SimPy docs -- Interrupt process question

[experience]

I'm going through the topical guides of SimPy, in particular the one on Process Interactions. 

There is something said in passing at the end of the section: 

Since we don’t do anything special to the original target event of the process, the interrupted process can yield the same event again after catching the Interrupt – Imagine someone waiting for a shop to open. The person may get interrupted by a phone call. After finishing the call, he or she checks if the shop already opened and either enters or continues to wait.

I find that this is unclear and would benefit from an example. From the last example code given, it looks like whenever a process is interrupted, it won't ever go back to waiting for whatever if was originally waiting for.

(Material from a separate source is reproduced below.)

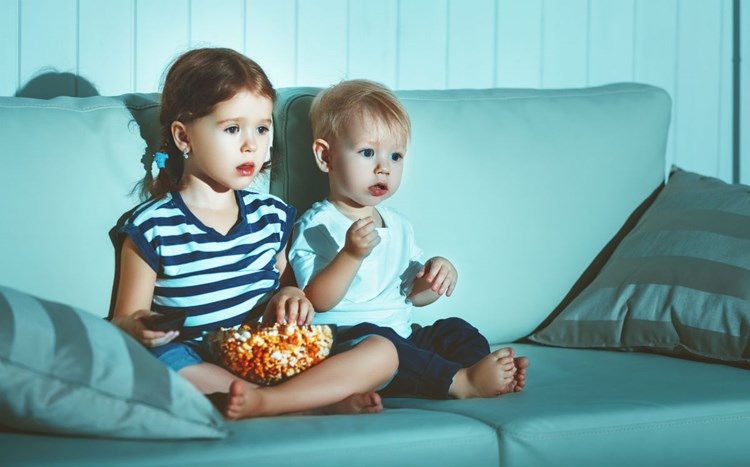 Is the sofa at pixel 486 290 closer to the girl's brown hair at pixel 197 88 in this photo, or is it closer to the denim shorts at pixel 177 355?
the girl's brown hair at pixel 197 88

How does that work out?

Thanks in advance.

[Michael Gibbs]

The real point the doc is making is just because your process gets interrupted, your process dose not need to end.  The interrupt is a exception and just like any other exception handlers, all the variable (and events) of the process are still in scope.  So one of your options for handling the interrupt is to resume yielding to the same event you were yielded to when you got interrupted.  This is one way processes can communicate, though event callbacks may be a better option.  Here is a quick demo where I resume on the first interrupt, but stop on the second

"""

    Simple demo on how to handel process interrupts

    Programmer: Michael R. Gibbs

"""

from re import I

import simpy

def the_process(env):

    """

        simple process that will get interrupted

    """

    i_cnt = 0   # count the number of interuptions

    not_done = True # flags when done

    # event that process yields to

    the_event = env.timeout(15)

    print(f'{env.now:0.2f} the process has started')

    # loop until done

    while not_done:

        try:

            yield the_event

        except simpy.Interrupt as i:

            # have been interupted

            i_cnt += 1

            print(f'{env.now:0.2f} the process has been intrruped {i_cnt} times {i.cause}')

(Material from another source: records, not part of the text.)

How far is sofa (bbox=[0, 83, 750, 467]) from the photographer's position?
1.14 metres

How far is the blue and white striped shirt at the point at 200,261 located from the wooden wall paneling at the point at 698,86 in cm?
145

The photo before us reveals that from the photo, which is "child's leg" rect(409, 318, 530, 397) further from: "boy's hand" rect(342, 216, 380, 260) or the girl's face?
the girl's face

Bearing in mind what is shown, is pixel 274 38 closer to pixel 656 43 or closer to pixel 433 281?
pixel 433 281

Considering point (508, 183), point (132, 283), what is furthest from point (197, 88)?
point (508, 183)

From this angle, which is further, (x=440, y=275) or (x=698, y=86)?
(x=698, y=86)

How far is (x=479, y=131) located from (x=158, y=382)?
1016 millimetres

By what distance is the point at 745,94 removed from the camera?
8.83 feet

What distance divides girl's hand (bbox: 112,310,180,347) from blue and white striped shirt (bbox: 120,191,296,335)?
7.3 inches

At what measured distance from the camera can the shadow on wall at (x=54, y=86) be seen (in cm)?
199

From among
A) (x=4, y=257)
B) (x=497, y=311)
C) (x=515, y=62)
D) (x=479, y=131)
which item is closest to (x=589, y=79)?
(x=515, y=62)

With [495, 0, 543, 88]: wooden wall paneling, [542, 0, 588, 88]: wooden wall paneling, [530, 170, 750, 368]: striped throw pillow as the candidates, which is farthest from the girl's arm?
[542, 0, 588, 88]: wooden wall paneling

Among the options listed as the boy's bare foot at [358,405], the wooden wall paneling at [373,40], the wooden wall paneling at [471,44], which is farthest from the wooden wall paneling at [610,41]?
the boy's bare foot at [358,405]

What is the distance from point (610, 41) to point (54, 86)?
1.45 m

            # there are several ways you can process the interupt

            if i_cnt == 1:

                # process the error and resume

                # the loop will yield to the same event as before, not a new event

                # because the interupt does not end other events, even events

                # created by this process

                print(f'{env.now:0.2f} the process handeled the intrupt and resumed')

            elif i_cnt == 2:

                # process the error and exit the process

                # by stopping the loop

                not_done = False

                print(f'{env.now:0.2f} the process handeled the intrupt and is stopping')

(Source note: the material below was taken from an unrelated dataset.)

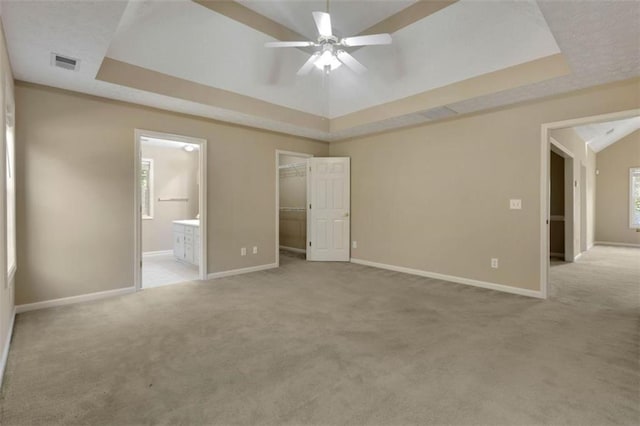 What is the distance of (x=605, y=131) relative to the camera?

            # third option is to rethrow the interupt and let a parrent process deal with it

    print(f'{env.now:0.2f} the process has ended')

def the_interrupter(env, the_process):

    """

        interupts a process two time

    """

       

    yield env.timeout(5)

    print(f'{env.now:0.2f} sending first interrupt')

    the_process.interrupt("first interrupt")

    yield env.timeout(5)

    print(f'{env.now:0.2f} sending second interrupt')

    the_process.interrupt("second interrupt")

env = simpy.Environment()

process1 = env.process(the_process(env))

env.process(the_interrupter(env, process1))

env.run(100)

[experience]

Thanks a lot for this explanation and the example, that makes a lot of sense!